Warehouse Writeback

Census can provide row-level details on the data you're syncing to a destination. With these logs, you can answer common questions like:

When was my data updated in the destination?
Why did the destination's API reject records that I tried to sync?
What is the most common reason that the destination's API rejects my data?
Which users were a member of this segment at this time?

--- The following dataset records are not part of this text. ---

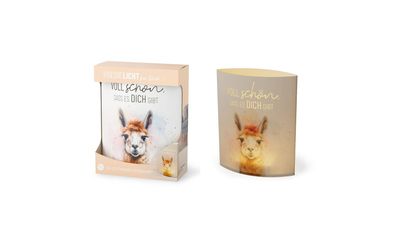 LED-Dekolicht LaVida Poesielicht für Dich 16 x 13 x 5 cm Voll schön, dass es Dich gib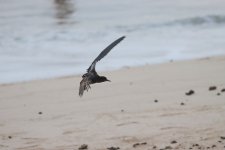 Black Tern - Lord Howe island.jpg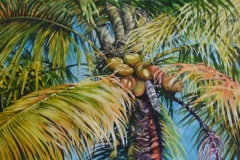 PALM-TOP-36-X-48-OIL-3000.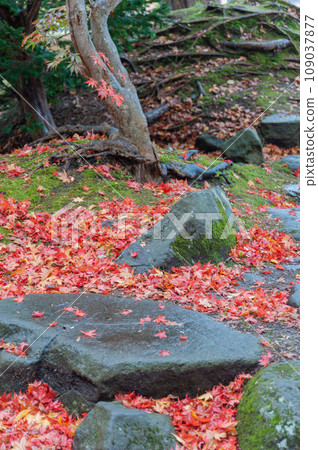 Autumn leaves that fell to the ground Autumn leaves that fell to the ground 109037877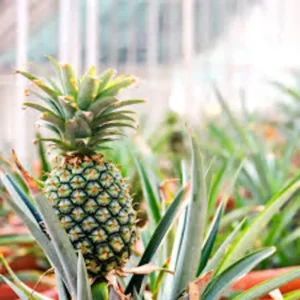 1 Sugarloaf Pineapple Plant Kona Sugarloaf Edible Starter Plant 24-36in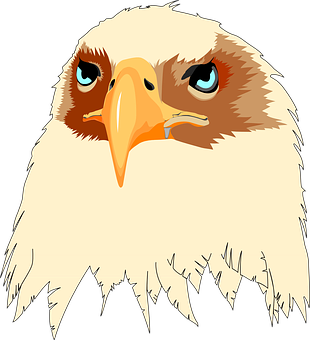 Eagle Head Illustration PNG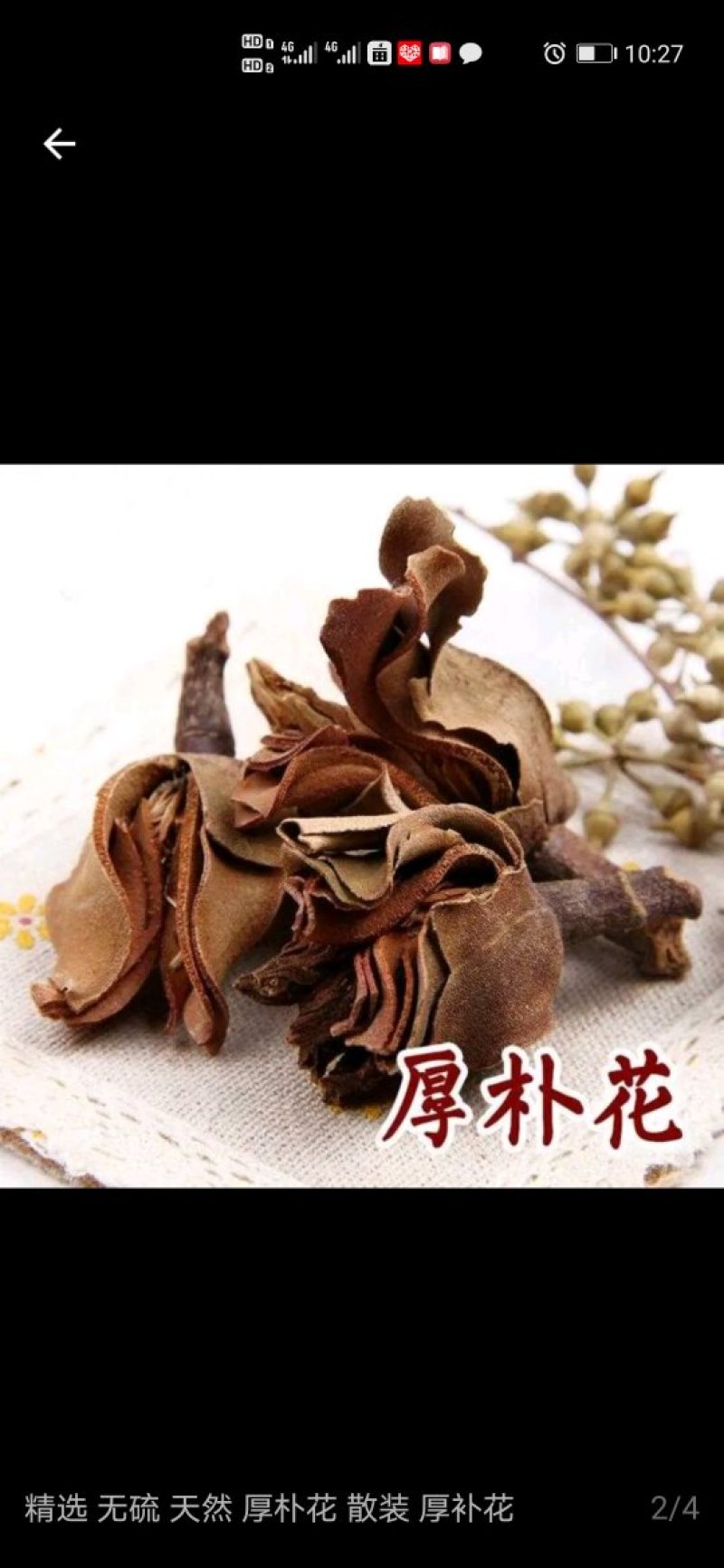 厚朴花（湖南高寒山区海拔1200米优质药材）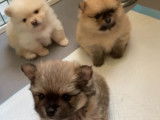 Portée de 3 Loulous de Poméranie à vendre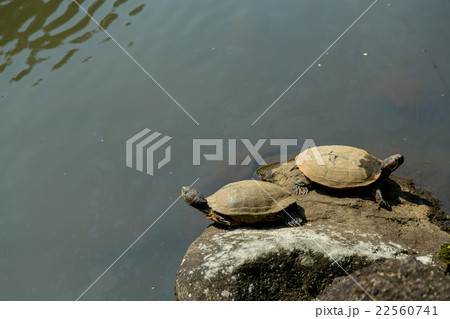 ミドリガメ　ミシシッピアカミミガメ　外来種　要注意外来生物 22560741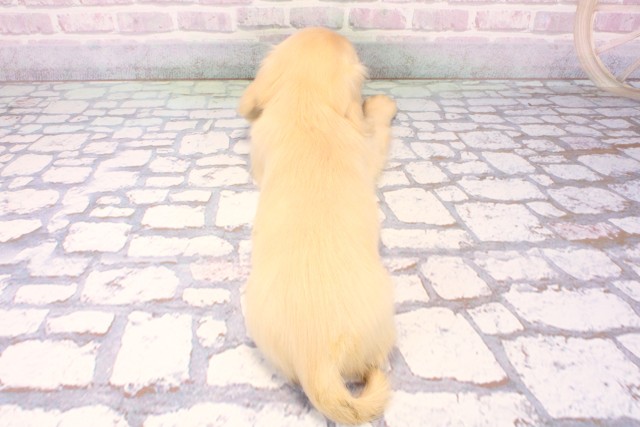 奈良県のミニチュアダックスフンド(ロング) (Coo&RIKU奈良富雄南店/2025年11月29日生まれ/男の子/イエロー)の子犬の4枚目の画像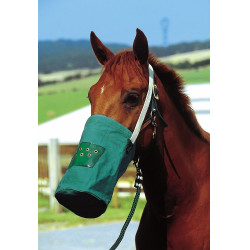 Musette-Canvas Musette-Canvas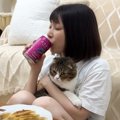 「この世の終わりみたいな顔ｗ」猫が酔っ払ったママに絡まれた結果…爆笑の…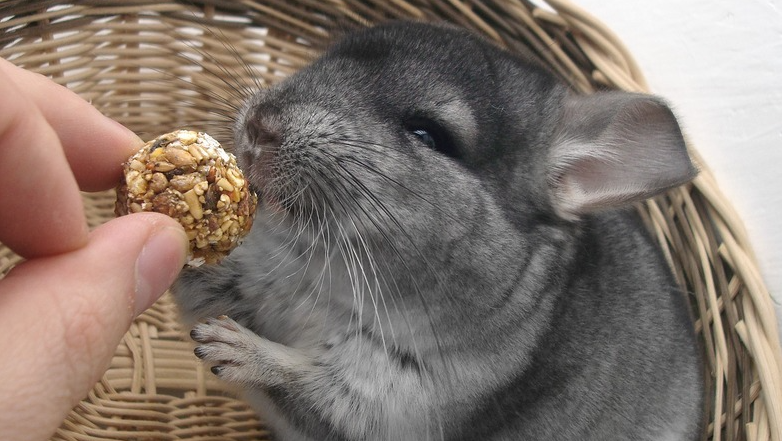 tiempo medio de vida de una chinchilla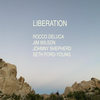 Liberation - Rocco DeLuca&Jim Wilson&Johnny Shepherd&Seth Ford-Young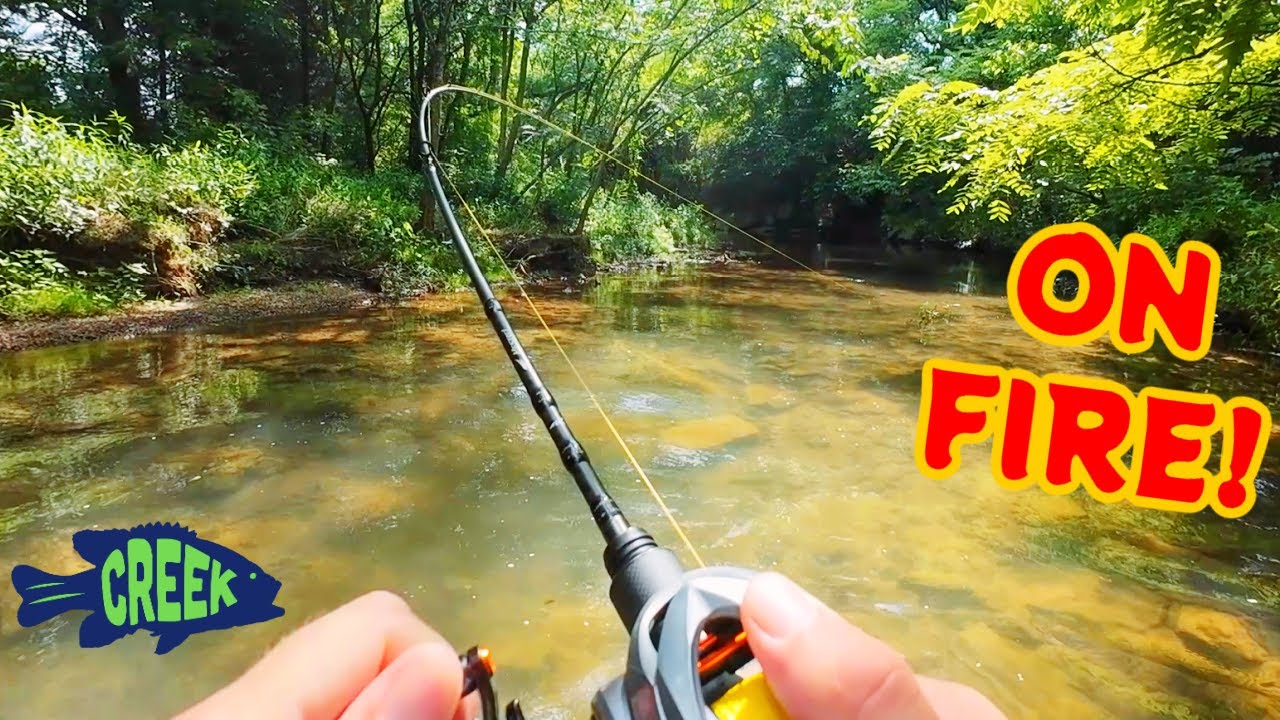When That Creek Fishing Bite is on FIRE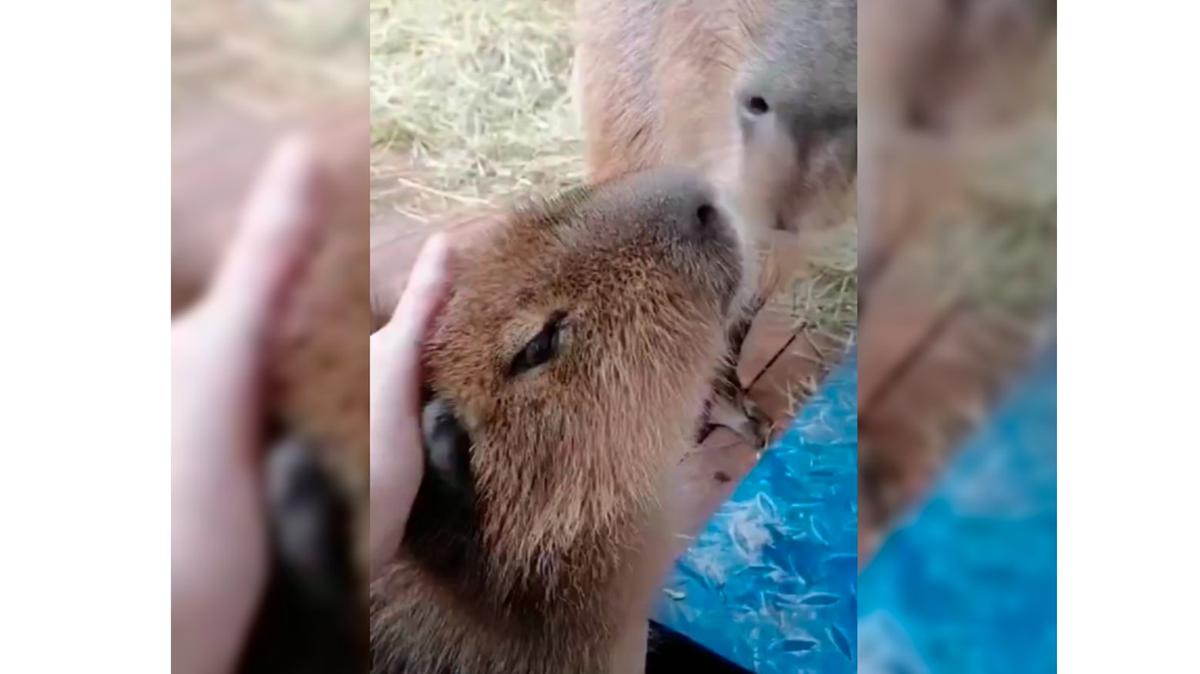 У капибар в Ленинградском зоопарке родилось двое детёнышей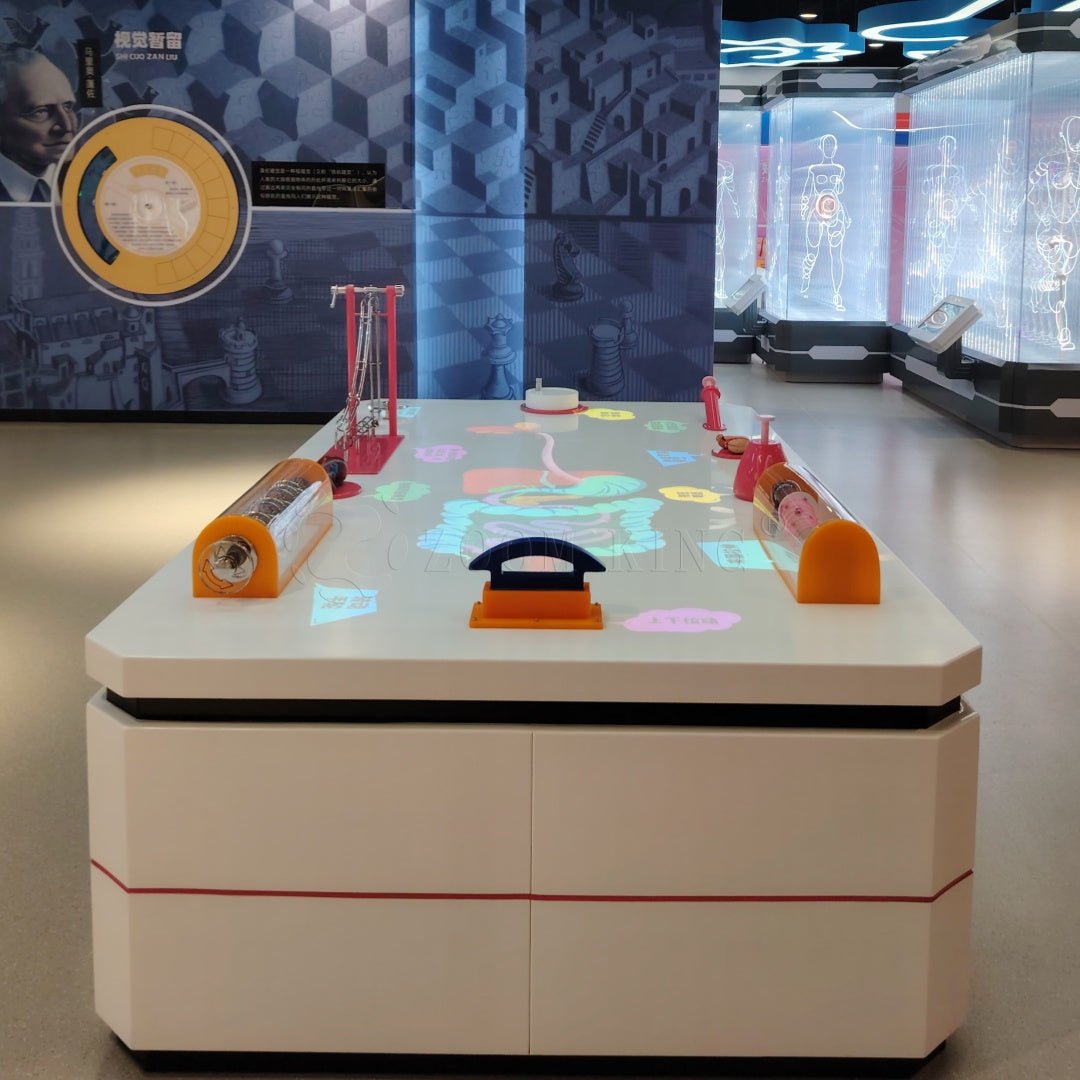 Brain cognition interactive exhibit for children science museum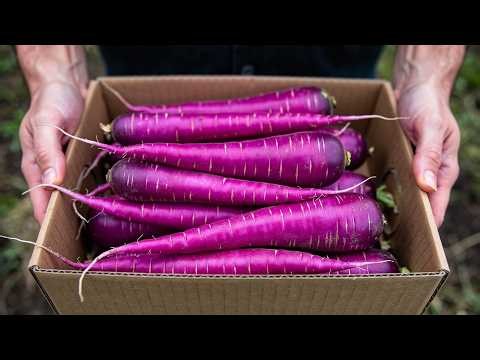 25 Giant Vegetables That Will Blow Your Mind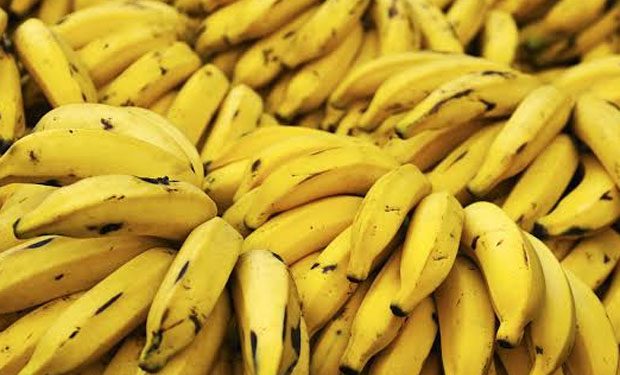 Bahia é segundo no ranking de produção de banana no país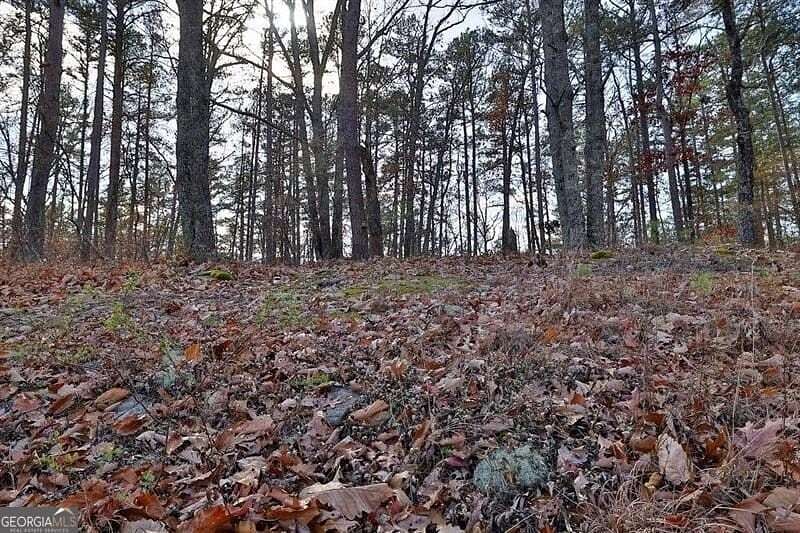 5 Acres of Residential Land for Sale in Waleska, Georgia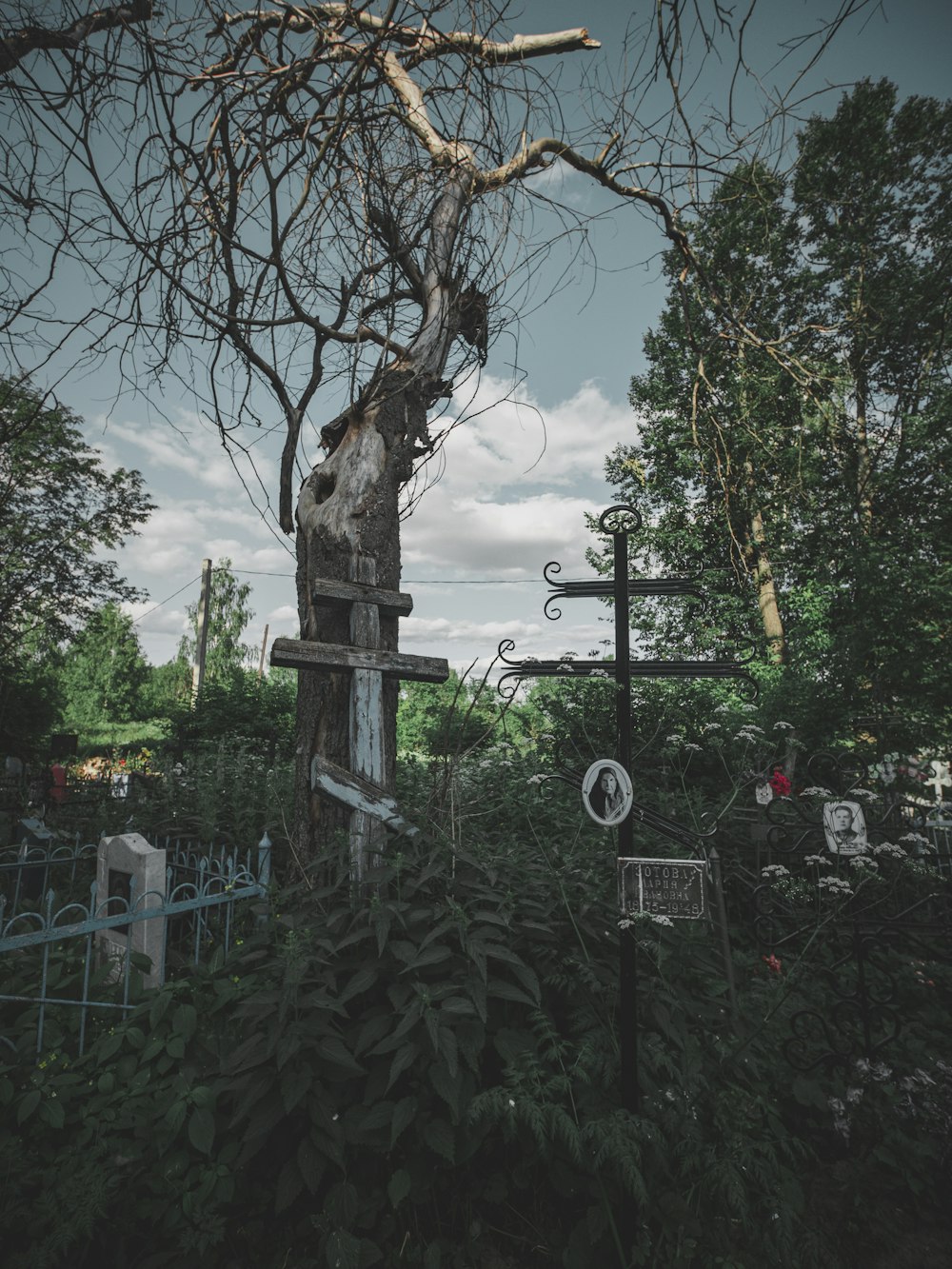 a cemetery with a cross and a dead tree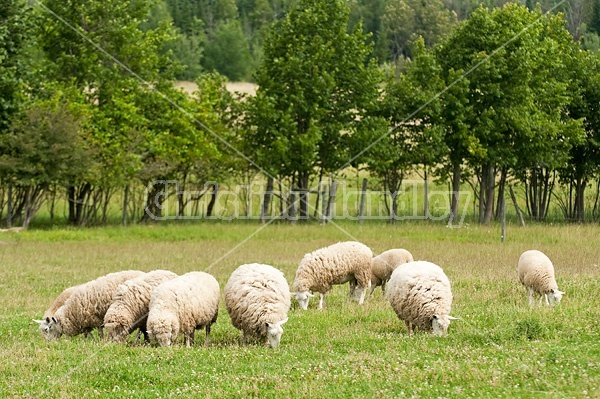 Sheep on summer pasture.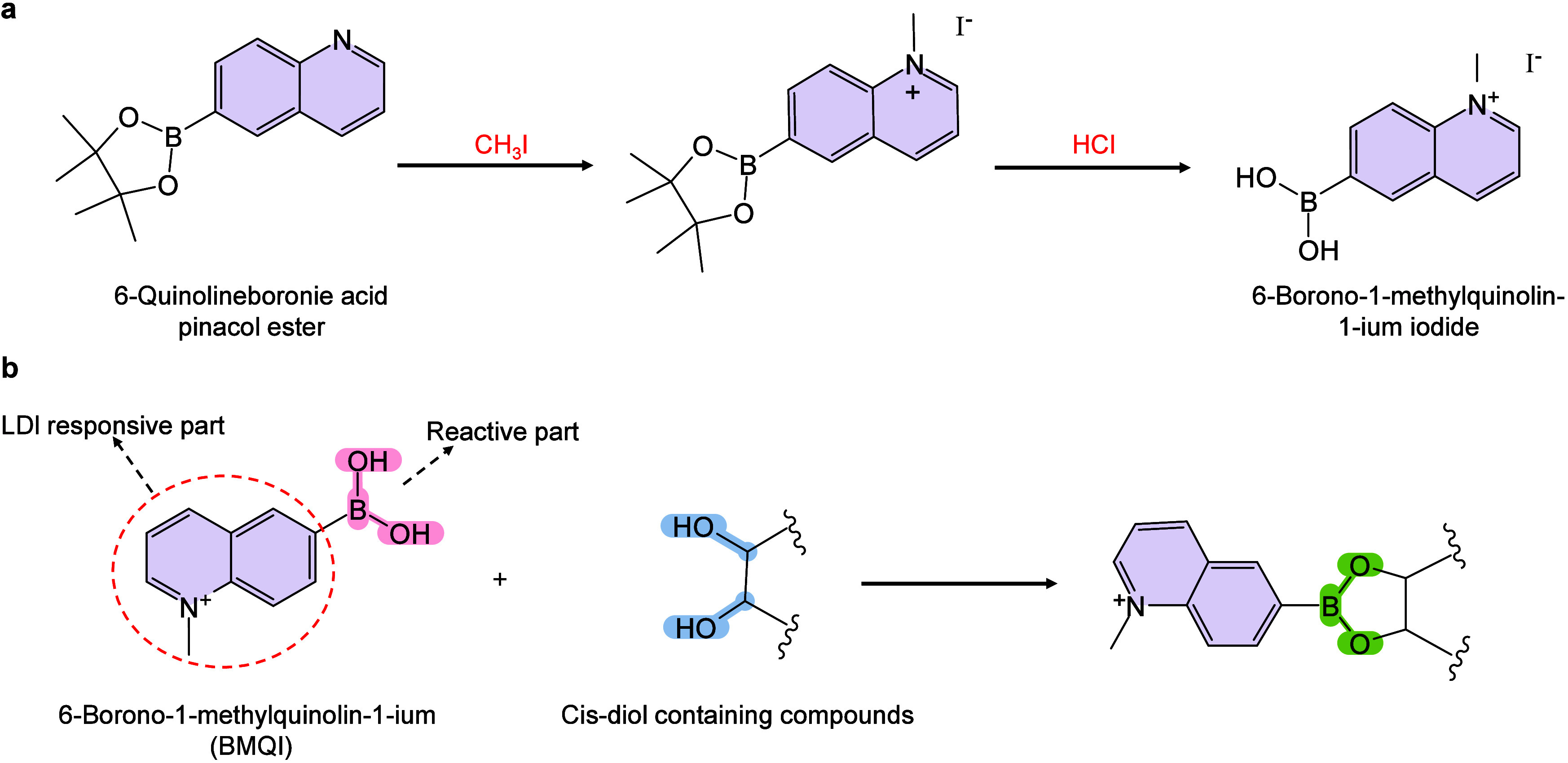 Figure 48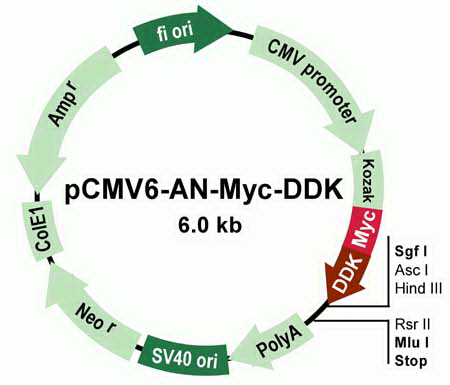 pCMV6-AN-Myc-DDK Mammalian Expression Vector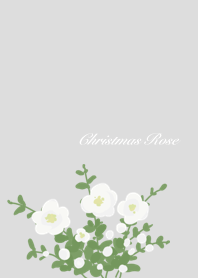 Christmas rose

Warehouse Writeback is available for Enterprise Plan accounts. If you would like logging enabled please contact our team at [email protected].

🗳️ Supported data sources

Census can provide detailed logging for all data warehouse sources using the Advanced Sync Engine:

Snowflake
BigQuery
Redshift
Databricks

🖥️ Configuring Warehouse Writeback

To enable Warehouse Writeback on a supported source connection:

Visit the Sources page.
Click + New Source to create a new source connection, or click Edit on an existing source connection.
Toggle on Warehouse Writeback
Optionally, specify how long logs should be retained for (7 days by default). Census will automatically clean up logs after the specified number of days.

Please note Census will only clean up the Warehouse Writeback tables according to the retention period for Active syncs. Census will not make any changes or delete logs for syncs that have been Disabled or Deleted.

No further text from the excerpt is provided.